* [BRIEF]: A letter-for-letter copy of the listing is required, with no pictures in it.

----------

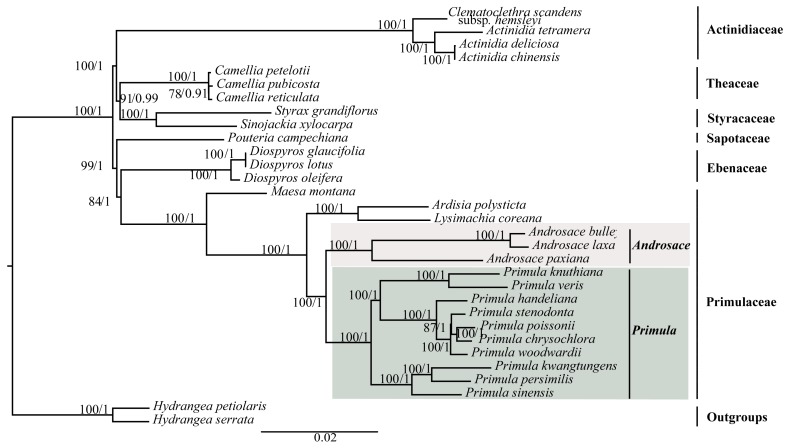 Figure 5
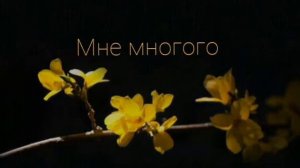 песня «ты сегодня просто бомба💣«популярное видео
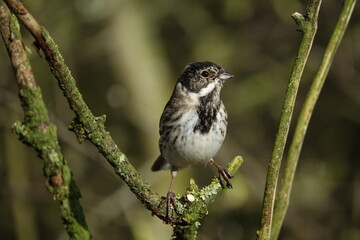 male reed bunting (Emberiza schoeniclus) birds during wintertime in UK
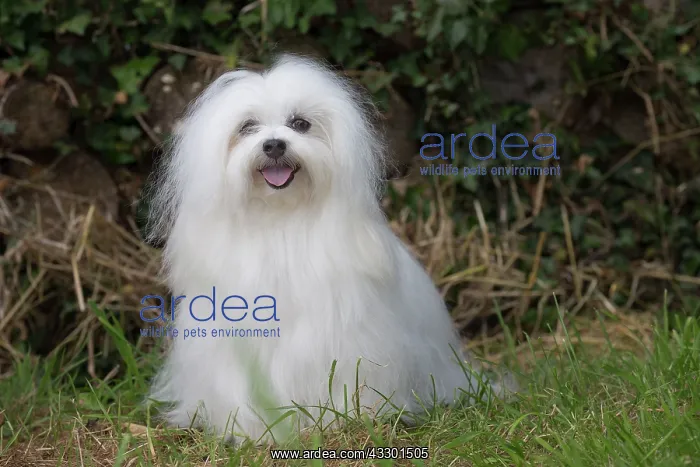 : 80197909 Dog - Coton de Tulear Jean-Michel Labat : 80197909 Dog - Coton de Tulear Jean-Michel Labat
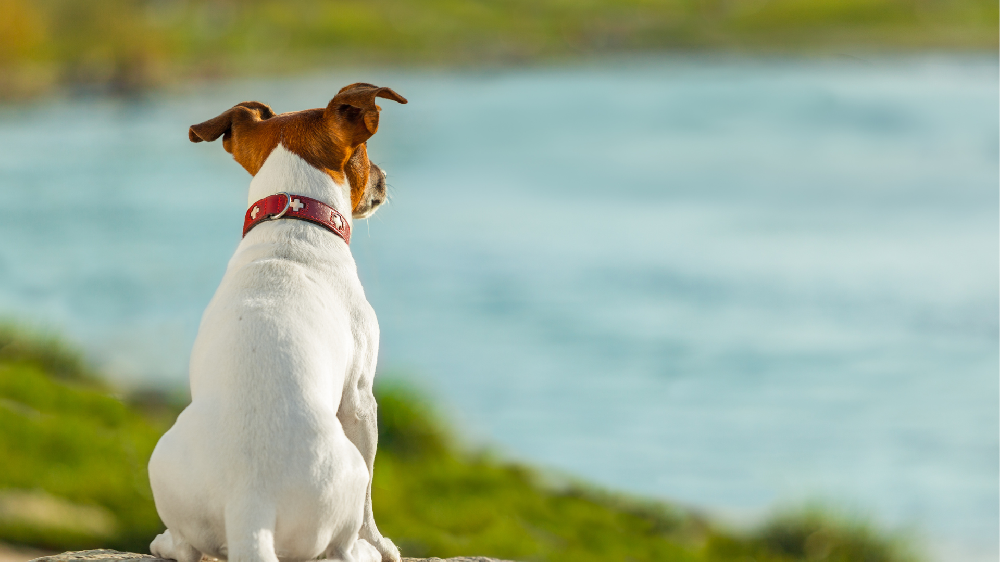 競合について考える犬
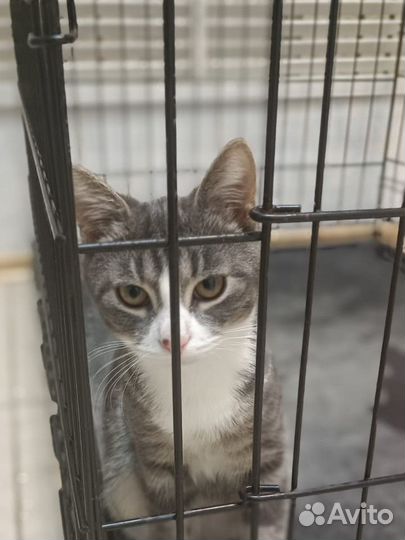 Красавчик изе дом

----------

* [COMPLETED TASK]:
 Figure 5
 песня «ты сегодня просто бомба💣«популярное видео
 male reed bunting (Emberiza schoeniclus) birds during wintertime in UK
 : 80197909 Dog - Coton de Tulear Jean-Michel Labat : 80197909 Dog - Coton de Tulear Jean-Michel Labat
 競合について考える犬
 Красавчик изе дом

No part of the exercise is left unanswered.